24. BÖLÜM

48.5K 1.7K 81
                                    

Canlar,öncelikle kurban bayramınız mübarek olsun. Sevdiklerinizle hayırlı bayramlar dilerim :) Şimdi size aslında önceden iki bölüm yazmış ve bayram hediysi olarak yayınlayacaktım! Yayınlayamadım, üzülerek söylüyorum ki bilgisayarım çöktü. Böyle bir şeyin nasıl olduğunu bilmiyorum, sanrım virüs falan bulaştı. Dün geceden beridir aralıksız yazıyorum ve delirmek üzereyim. Onca sayfa ziyan olması bir kenara benim emeğimin heba olması diğer tarafa. Allahdan kardeşimin bilgisayarı var. Umarım bölümü beğenirsiniz. Bu bayram dönemi boyunca sizi sevindirmek için yazamaya çalışacağım :) Önceki bölüm de sanki yorumlar da azalma gördüm. Lütfen iyi yahutta kötü bir yorum atın :) Sizleri seviyorum..

Şu anda bütün şehir derin bir uyku da. Kimleri rüyaların da yeni alacağı arabayı düşlüyor kimleri sevdiği kadını. Bazıları acıyla iki büklüm ağlıyor bazıları ise suskunlukla nefes alıp vermeye çabalıyor. Aslın da hepsinin sorunları çok benzer. Yalnızca onlar kendi acılarını çektikleri için başkalarını düşünemiyorlar. Dünya da acıyı çeken tek kendilerinin olduğuna inanıyorlar..

Betül E.

"Bir çığlık atsam duyarlar mı?" dedi Gül hızlıca. Azat kıza bakıp gülümsedi. Vadiye çıkmak Gül'ün fikriydi. Bütün şehir uyurken onları izlemek ne harikaydı. Adam kızın kısa saçlarına bakarken gülümsedi. Gül buruk gülümsemeyle konuştu.

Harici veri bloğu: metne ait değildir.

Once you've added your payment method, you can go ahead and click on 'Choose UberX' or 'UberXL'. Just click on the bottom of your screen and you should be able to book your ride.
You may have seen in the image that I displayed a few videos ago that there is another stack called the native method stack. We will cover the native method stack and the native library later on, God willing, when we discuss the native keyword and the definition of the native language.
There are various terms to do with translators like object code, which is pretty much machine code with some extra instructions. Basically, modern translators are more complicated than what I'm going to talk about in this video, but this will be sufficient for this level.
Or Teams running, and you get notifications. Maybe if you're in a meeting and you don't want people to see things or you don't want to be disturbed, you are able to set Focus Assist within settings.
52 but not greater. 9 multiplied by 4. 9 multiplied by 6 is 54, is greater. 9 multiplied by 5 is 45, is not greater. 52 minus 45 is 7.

"Küçükken anam saçlarımı iki yana örer beni öyle yollardı okula. Hep deli olurdum." dedi somurtarak. Azat istemeden güldü. Gülü uzun saçlı ve mavi önlüklerle hayal etmek hep zor olmamıştı. Doğrusu bu çok komik olurdu. Gül hafif gözlerini kısıp adama baktı.

"Sadece seni öyl-e düşündüm.." dedi kahkahalarının arasından Azat.

"Hiç komik değil!"

"Komik" dedi Azat hızlıca elini sallarken. Gül adamın göğsüne hızlıca bir yumruk indirmeye çabaladı Azat bu sefer daha çok güldü. Gül adamın arsız gülümsemesine istemeden güldü. Eğer Dicle olmasaydı belki de bunları yapacak cesareti de olmayacaktı. Azat kızın ellerini hızlıca kavrarken Gül kendisini geri çekmeye çabaladı. Lakin pek başarılı olzmadı. Azat kızla araların da sadece birkaç santim bırakıp güldü.

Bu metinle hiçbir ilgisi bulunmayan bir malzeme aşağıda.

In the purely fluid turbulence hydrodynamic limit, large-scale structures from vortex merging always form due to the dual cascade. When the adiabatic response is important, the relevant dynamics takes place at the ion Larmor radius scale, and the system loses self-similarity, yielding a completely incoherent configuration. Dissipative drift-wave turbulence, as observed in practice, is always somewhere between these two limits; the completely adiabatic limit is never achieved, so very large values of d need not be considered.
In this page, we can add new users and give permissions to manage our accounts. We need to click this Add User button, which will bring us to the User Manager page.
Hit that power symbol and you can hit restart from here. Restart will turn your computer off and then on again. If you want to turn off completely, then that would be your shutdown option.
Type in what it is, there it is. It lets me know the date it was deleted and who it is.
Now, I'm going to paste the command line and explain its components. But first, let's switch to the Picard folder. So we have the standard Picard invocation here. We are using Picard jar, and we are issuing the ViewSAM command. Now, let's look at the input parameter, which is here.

"Dikenli güllüm benim, her yaprağın da bambaşka şeyleri saklayan. Toprağında bereketiyle insanı çoşturan sevgilim.."

Gül adamın mavi gözlerinden gözlerini çekmeye çabaladı lakin başaramadı. Azat hiç düşünmeden kızın dudaklarına minik bir öpücük kondurdu. Onu seviyordu, belki çok beklemişti ama sonun da başarmıştı da. Gül adamdan koparken gülümsemeye çabaladı. Azat kızından uzaklaşmak istemese biraz uzaklaştı. Gül ellerini adamın göğsünde birleştirdi. Şimdi her şeyi ona söylemek istiyordu. Ona güveniyordu, kimseye olmayan bir güvenle hem de. Başını hafif eğdi. Azat kızın sadece yeni şeyler hakkın da konuşurken boynunu eğdiğini bildiği için heyecanlandı. Gül zor bir kızdı, kendisi hakkın da ona zor bilgi verirdi.

"Anam hep uzun saçlarımı tarardı küçükken. Ben deli olurdum, çok uzundular onlar. Hemen karışıyorlardı. Saçlarımı okşamadan uyutmazdı beni. Ben de sırf bu yüzden dayandım saçlarıma. Sonra bir gün, yani o kaza-"

Kızın sesi oldukça zayıf ve titrek geliyordu. Azat kızın zorlandığını hissedince onu susturmak istermiş gibi yüzünü yerden kaldırdı.

"Bunu anlatmak zorun da değilsin Gül. Eğer seni çok zorluyorsa-"

"Hayır" dedi Gül başını iki yana sallarken. Devam etmek için çırpındı.

"Eğe-r şimdi an..latamazsam bir daha hi-ç anlatamam!" dedi titreyerek. Azat başını salladı.Ona güç vermek istermiş gibi omzunu sıktı.